Records for the exercise:
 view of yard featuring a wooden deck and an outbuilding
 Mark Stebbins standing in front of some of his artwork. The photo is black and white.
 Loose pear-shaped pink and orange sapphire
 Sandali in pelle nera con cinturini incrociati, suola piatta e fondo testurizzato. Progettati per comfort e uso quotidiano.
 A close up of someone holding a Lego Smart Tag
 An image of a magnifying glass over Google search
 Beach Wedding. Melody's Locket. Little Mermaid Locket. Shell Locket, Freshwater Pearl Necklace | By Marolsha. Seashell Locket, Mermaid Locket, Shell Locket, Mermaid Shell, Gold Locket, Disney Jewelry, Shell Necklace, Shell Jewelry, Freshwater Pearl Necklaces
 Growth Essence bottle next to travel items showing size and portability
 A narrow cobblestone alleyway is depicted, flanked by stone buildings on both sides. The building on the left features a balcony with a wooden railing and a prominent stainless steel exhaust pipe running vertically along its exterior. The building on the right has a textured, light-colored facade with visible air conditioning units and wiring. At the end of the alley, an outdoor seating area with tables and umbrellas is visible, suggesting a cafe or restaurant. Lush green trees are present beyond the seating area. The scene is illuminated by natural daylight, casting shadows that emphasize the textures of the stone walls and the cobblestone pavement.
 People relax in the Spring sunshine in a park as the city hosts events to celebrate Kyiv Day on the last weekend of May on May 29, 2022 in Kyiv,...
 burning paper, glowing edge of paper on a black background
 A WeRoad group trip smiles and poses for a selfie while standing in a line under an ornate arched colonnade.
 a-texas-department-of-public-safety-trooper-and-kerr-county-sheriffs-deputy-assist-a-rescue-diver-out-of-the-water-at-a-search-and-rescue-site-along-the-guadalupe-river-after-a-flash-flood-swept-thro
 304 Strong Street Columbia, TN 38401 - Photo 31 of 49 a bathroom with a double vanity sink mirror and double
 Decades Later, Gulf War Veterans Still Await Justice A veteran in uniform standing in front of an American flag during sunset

Your objective: The entire listing is to be retyped exactly.

Solved exercise:
 view of yard featuring a wooden deck and an outbuilding
 Mark Stebbins standing in front of some of his artwork. The photo is black and white.
 Loose pear-shaped pink and orange sapphire
 Sandali in pelle nera con cinturini incrociati, suola piatta e fondo testurizzato. Progettati per comfort e uso quotidiano.
 A close up of someone holding a Lego Smart Tag
 An image of a magnifying glass over Google search
 Beach Wedding. Melody's Locket. Little Mermaid Locket. Shell Locket, Freshwater Pearl Necklace | By Marolsha. Seashell Locket, Mermaid Locket, Shell Locket, Mermaid Shell, Gold Locket, Disney Jewelry, Shell Necklace, Shell Jewelry, Freshwater Pearl Necklaces
 Growth Essence bottle next to travel items showing size and portability
 A narrow cobblestone alleyway is depicted, flanked by stone buildings on both sides. The building on the left features a balcony with a wooden railing and a prominent stainless steel exhaust pipe running vertically along its exterior. The building on the right has a textured, light-colored facade with visible air conditioning units and wiring. At the end of the alley, an outdoor seating area with tables and umbrellas is visible, suggesting a cafe or restaurant. Lush green trees are present beyond the seating area. The scene is illuminated by natural daylight, casting shadows that emphasize the textures of the stone walls and the cobblestone pavement.
 People relax in the Spring sunshine in a park as the city hosts events to celebrate Kyiv Day on the last weekend of May on May 29, 2022 in Kyiv,...
 burning paper, glowing edge of paper on a black background
 A WeRoad group trip smiles and poses for a selfie while standing in a line under an ornate arched colonnade.
 a-texas-department-of-public-safety-trooper-and-kerr-county-sheriffs-deputy-assist-a-rescue-diver-out-of-the-water-at-a-search-and-rescue-site-along-the-guadalupe-river-after-a-flash-flood-swept-thro
 304 Strong Street Columbia, TN 38401 - Photo 31 of 49 a bathroom with a double vanity sink mirror and double
 Decades Later, Gulf War Veterans Still Await Justice A veteran in uniform standing in front of an American flag during sunset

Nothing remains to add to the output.